# Reemplazo de FlyBack



## Mauro555 (Abr 18, 2012)

Hola comunidad necesito saber si alguno me puede ayudar con este flyback: 6174V-8004A
Necesito su reemplazo, navegando en la web no pude encontrar ningun dato, si alguno supo como reemplazarlo y me dice cual se lo agradeceria mucho.

Saludos


----------



## Meta (Abr 21, 2012)

Desuelda el viejo y lo cambias por otro. Antes quenada, en la chupona, sobe un cable y lo conectas a masa, ya que podría tocar mucha corrienta acumulada y no te gustará.


----------



## Don Plaquetin (Abr 21, 2012)

Meta dijo:


> Desuelda el viejo y lo cambias por otro.

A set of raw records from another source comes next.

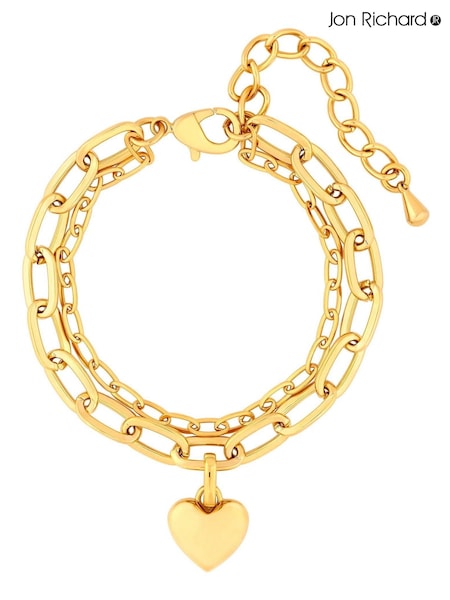 Jon Richard Gold Tone Polished Heart Bracelet (N52957) | €32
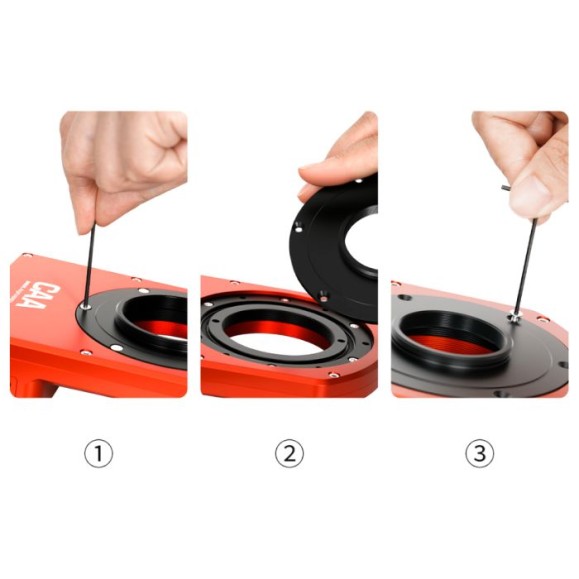 Placa de adaptação ZWO CAA para M42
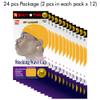 24 Pcs Wave Cap Stocking Caps Stretch Compression Long Lasting Lightweight Comfortable Fit Durable Mens Dome Cap Loc Cap Sleeping Hair Caps Wave Caps for Men (Yellow - 12 Pack of 2 Pcs) view 3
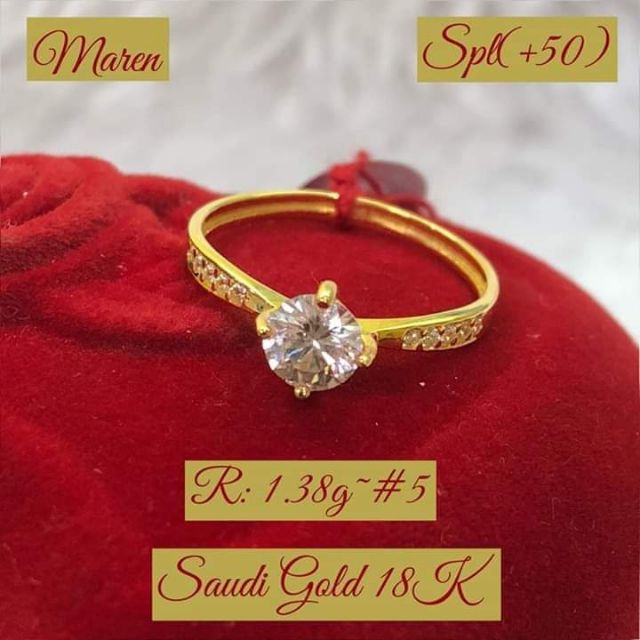 18K Saudi Gold Engagement Ring Shopee Philippines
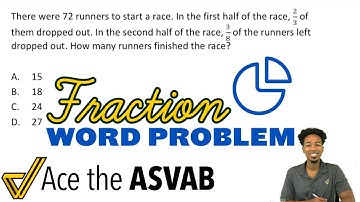 ASVAB Arithmetic Reasoning - Fraction Word Problem (Step-By-Step Walkthrough)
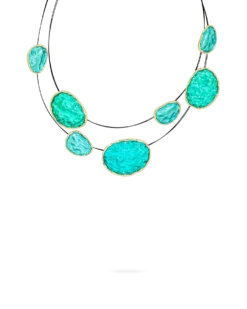Bijou Brigitte Collier multirangs - Hammered Turquoise Online
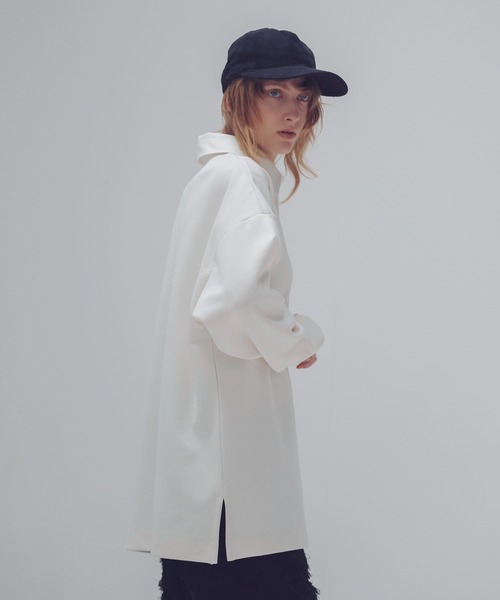 ポロシャツ ポロ rugger big shirt(ラガービッグシャツ) レディース DRESSLAVE ポロシャツ ポロ rugger big shirt(ラガービッグ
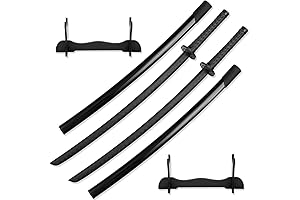 2-Piece Polypropylene Katana Sword with Display Stand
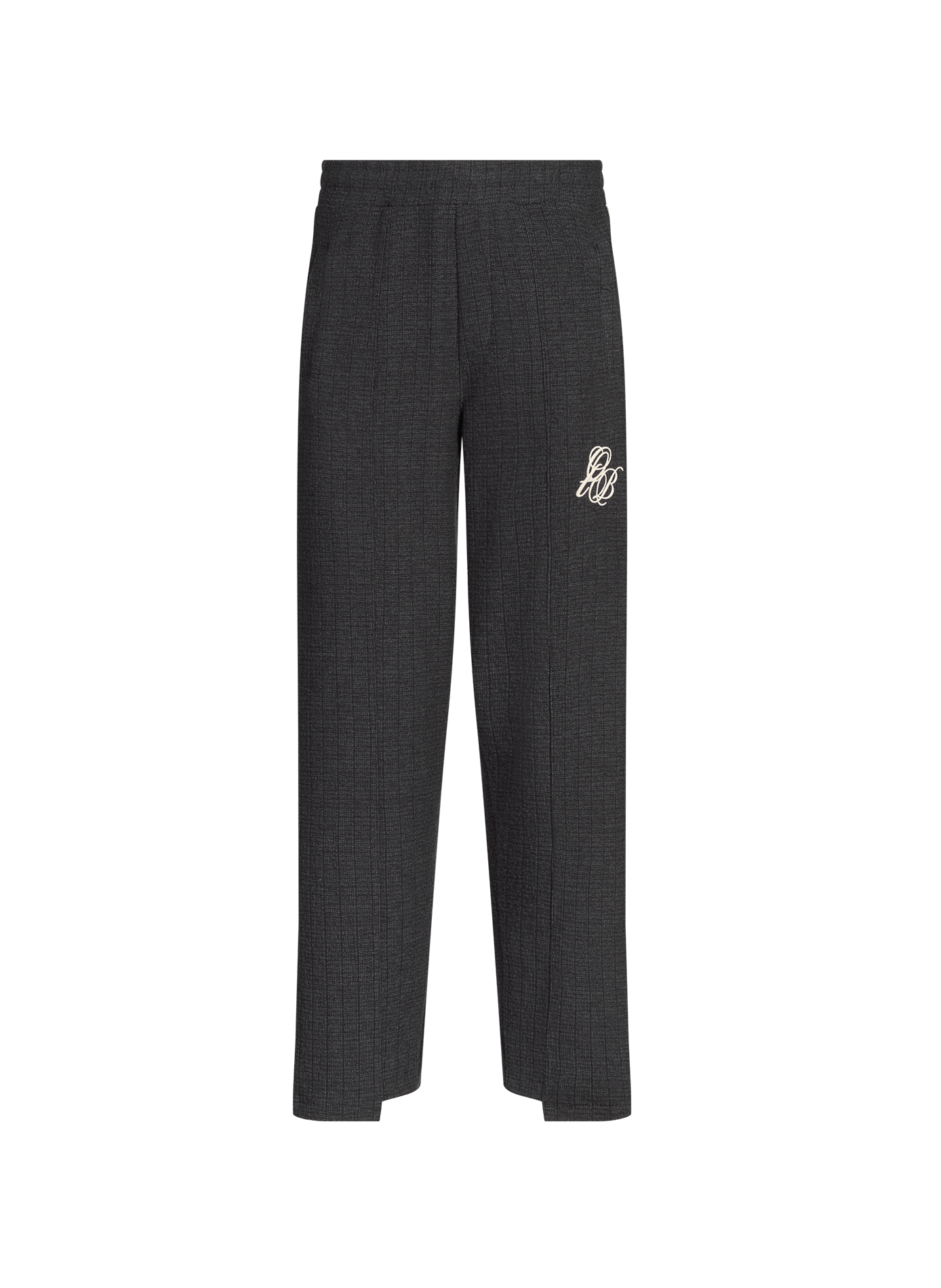 Lounge Wear Drawstring Pants in Cotton and Linen Blend ONLY THE BLIND Grey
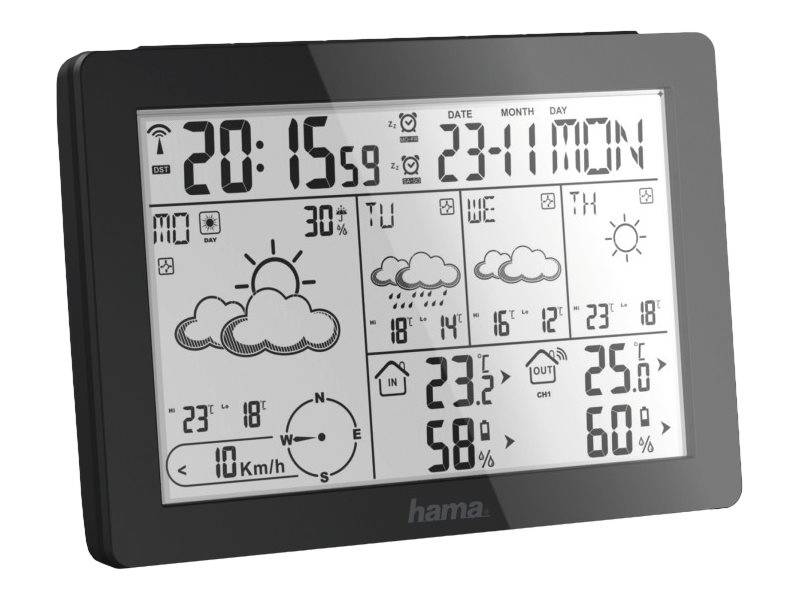 Hama Meteotime - Wetterstation - Schwarz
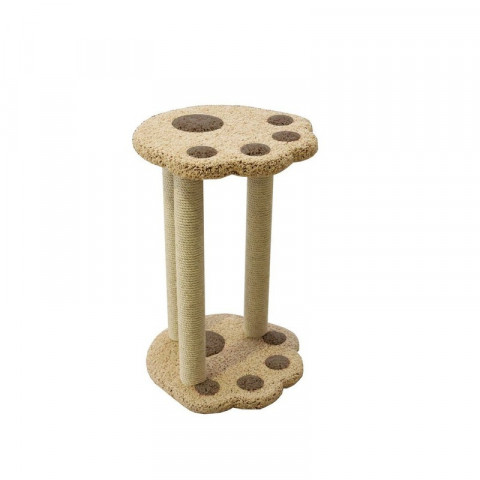 Пушок Лапа когтеточка для кошек, цвет молочный с коричневым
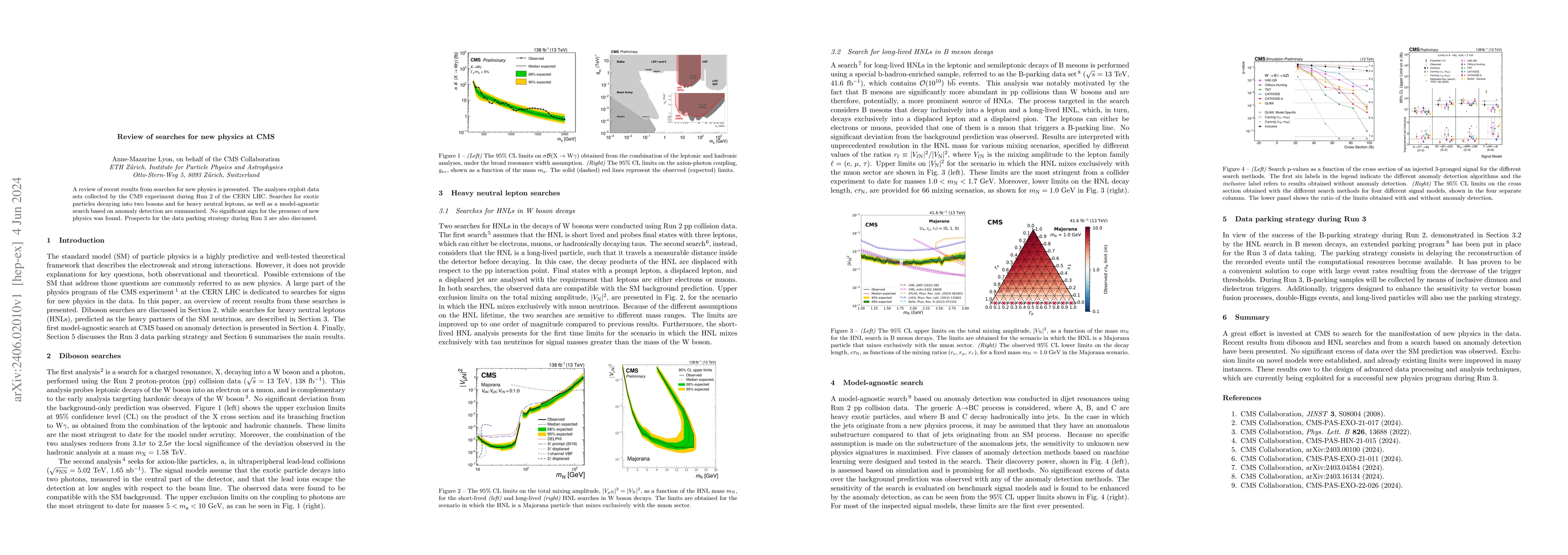 Thumbnail for Review of searches for new physics at CMS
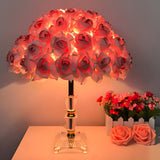 Elegant Romantic Rose Tree Heart Accent Table Lamp Image - 10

Antes quenada, en la chupona, sobe un cable y lo conectas a masa, ya que podría tocar mucha corrienta acumulada y no te gustará.



eeeee no atendiste mucho lo que dice es que busca un reemplazo del flyback
yo mucho no se, pero fíjate en la pagina de APAE búscala en google


----------



## juan47 (Abr 21, 2012)

Mira por http://www.hrdiemen.com/
Equivalencias de transformadores de lineas

Un saludo


----------



## elgriego (Abr 21, 2012)

Hola Mauro555 Como estas, Estos son tambien reemplazos de ese flyback : 154-375c o 154-277f o el 6174v-6002u. 

Por que motivo lo queres reemplazar,esta en corto o pierde alta?

Saludos.


----------